CULTURE
Reina Sofía Museum - Spain’s national museum of modern art, one of most visited museums in Madrid
Baku, May 18, AZERTAC
Madrid’s Museo Nacional Centro de Arte Reina Sofía is Spain’s national museum of modern art.
It is built on the site of the San Carlos Hospital commissioned by King Charles III in the 18th century.
The building has undergone several stages of conversion over the years to make it into a museum space.
In 1980 Antonio Fernández Alba began work to restore and convert the building, and at the end of 1988 José Luis Iñíguez de Onzoño and Antonio Vázquez de Castro put the final touches to the modifications, whose most striking feature is three glass and steel lift towers.
More recently, a 86,100-square-foot (8,000 sq m) addition to the building added exhibition spaces, an auditorium, a library, cafeteria, restaurant, and administration offices. This addition, completed in 2005, was designed by Jean Nouvel, noted for his ability to create structures that are sympathetic to their surroundings and for his use of steel and glass to play with shadow, light, and form. Nouvel replaced three buildings that lay adjacent to the museum, so opening up a view of the museum’s west facade.
The museum’s entrance is enclosed by a steel-and-glass tower containing lighting and projection screens.

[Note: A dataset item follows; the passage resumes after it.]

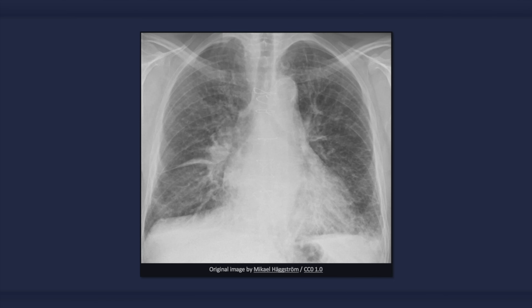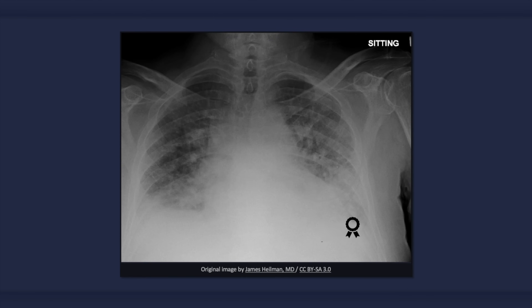Alveolar edema is a more severe sign of congestive heart failure and is not clearly evident in the radiograph we have thus far been examining. In this image, many of the aforementioned findings of congestive heart failure are present, plus alveolar edema, which classically results in central and symmetrical airspace disease. The outer third of the lung is frequently spared, resulting in a characteristic bat-wing configuration. However, the patterns of pulmonary opacification are variable and can be more or less diffuse, asymmetric, or patchy.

The tower completes a family of towers that surround the museum. The original building’s stone pedestal has been extended into the new museum structure to become the floor of the exhibition spaces, the restaurants, the library, and the offices.
Nouvel’s three buildings sit around a courtyard: the library lies to the south; the auditorium, protocol room, bar, and restaurant to the west; and the exhibition spaces are to the north.
The library captures light and shade from above using suspended, dome-shaped skylights. Steel louvers perforated in calligraphic patterns protect the large panels of etched glass.